I just use a binder clip. You can find them anywhere and they hang well on the wall next to the desk, fridge, or door. Hope that helps.
I keep a bunch of scraps for notes in a wooden dinner napkin holder my Grandma gave me. For a pad that holds together, I've used a clothespin on top. If it's not a very thick bunch, you can sew it on the sewing machine.
I cut used paper from the printer in four pieces, stack them with the clean side up and staple one corner.
I've read about making note pads from recycled paper, what is the name of the "red, sticky goo" used to make the note pads hold together? Thanks.
I've made these in the past. I used Sparco padding compound from an office supply store. After stacking my paper and clipping it together, I would run a small line of the compound (from a travel squirt bottle) down the edge I wanted to bind. Then spread it with a foam paint brush. After a couple of coats and drying, you're good to go.
Hope this helps.
Years ago at the bank we just used ordinary glue sticks. Just ran them a couple of times over the edges, letting it dry between each layer.

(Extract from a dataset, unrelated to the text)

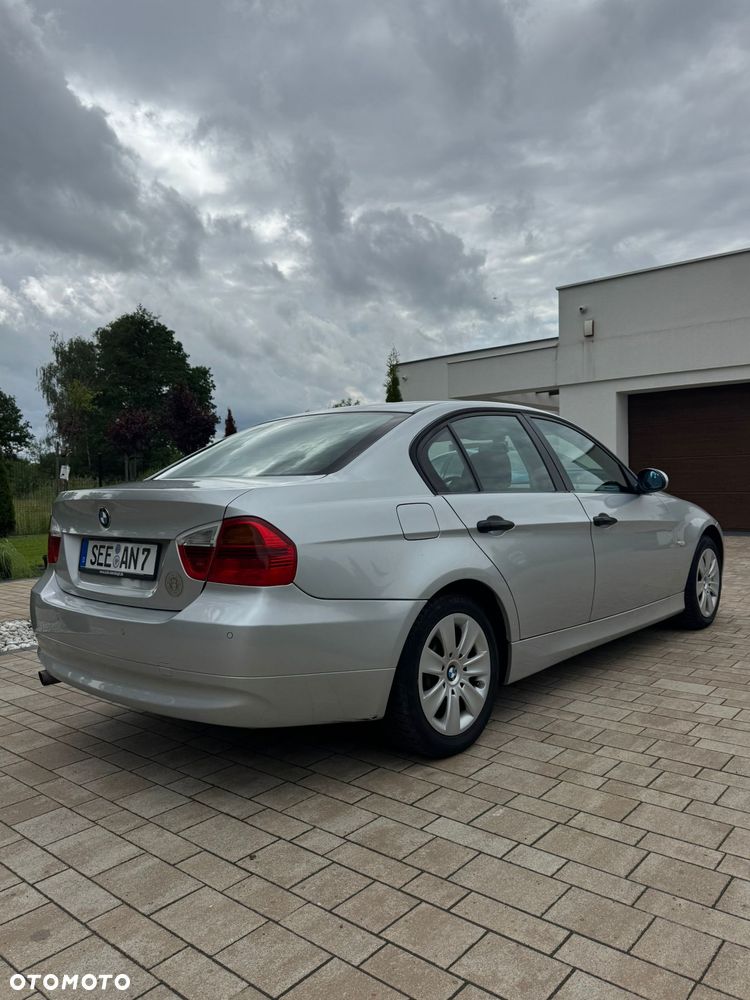 BMW Seria 3 320i - 8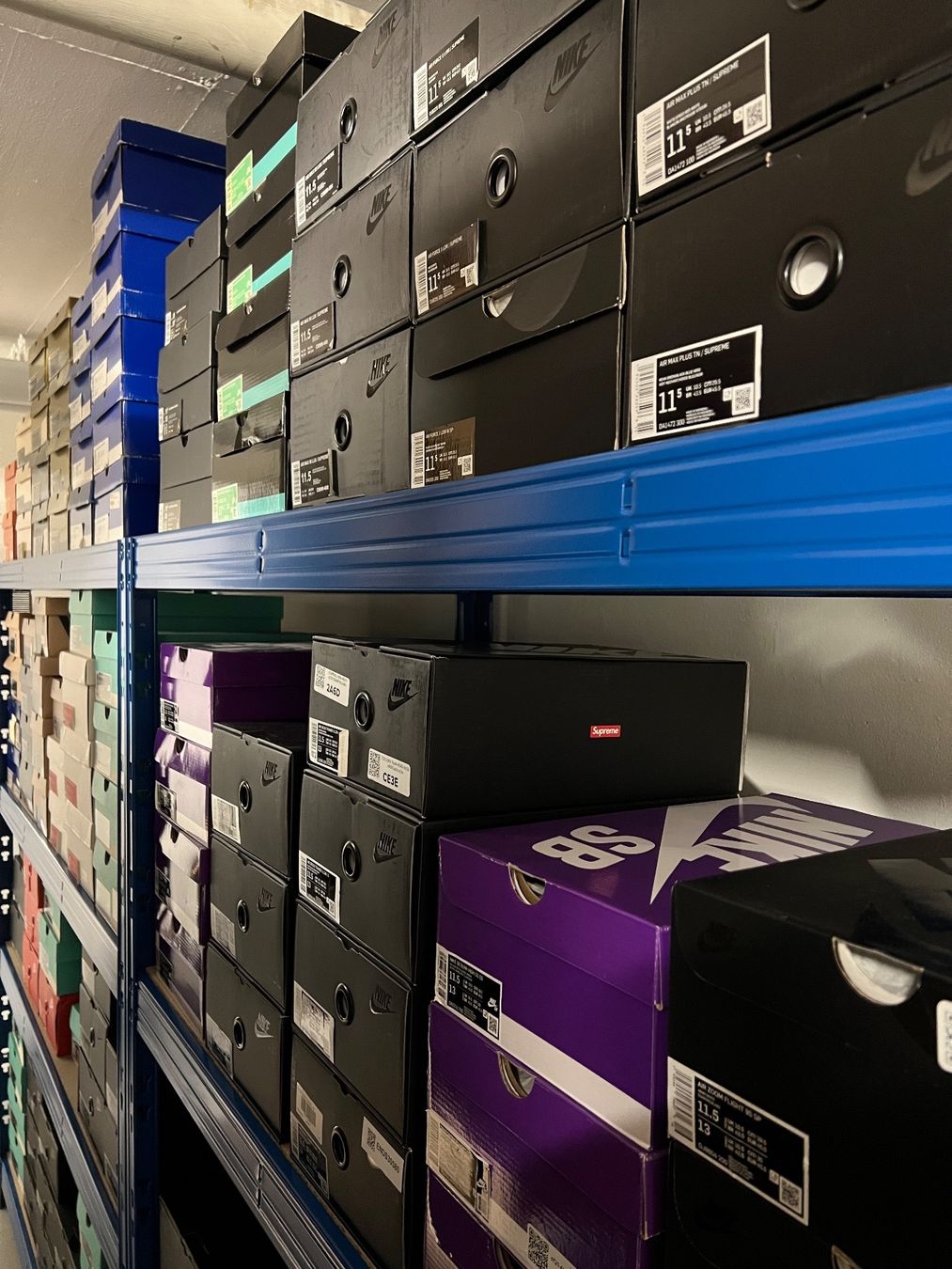 Nike Scarpe da uomo: Nike x Supreme Sneaker Sammlung 2002 - 2022 – Nuovo e nell'imballaggio originale da Bern venduto da ElevenFive 2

Rubber cement works, too and is easy to find
Does anyone have a recommendation which glue to use for a padding compound? (the glue used to stick a paper pad together)
By maplesugar from Peterborough, ON
Try rubber cement I think they still sell it at office supply stores. If all else fails, I would get a heavy duty stapler and book binding tape. Staple the sheets of the pad together then seal the edges with book binding tape.
I make paper pads from scrap paper quite often. I have used rubber cement, hot glue and white glue. They all work more or less. I like the white glue best. Use binder clips side by side to hold your paper tightly together, then spread on the glue with your finger. Make sure it covers the entire top of the pad. When it's dry, remove the binder clips.
If you choose to staple the top, perforate the pad about a half inch from the top buy running a few sheets at a time through your sewing machine using an unthreaded needle (an old one). Sheet will tear off easily.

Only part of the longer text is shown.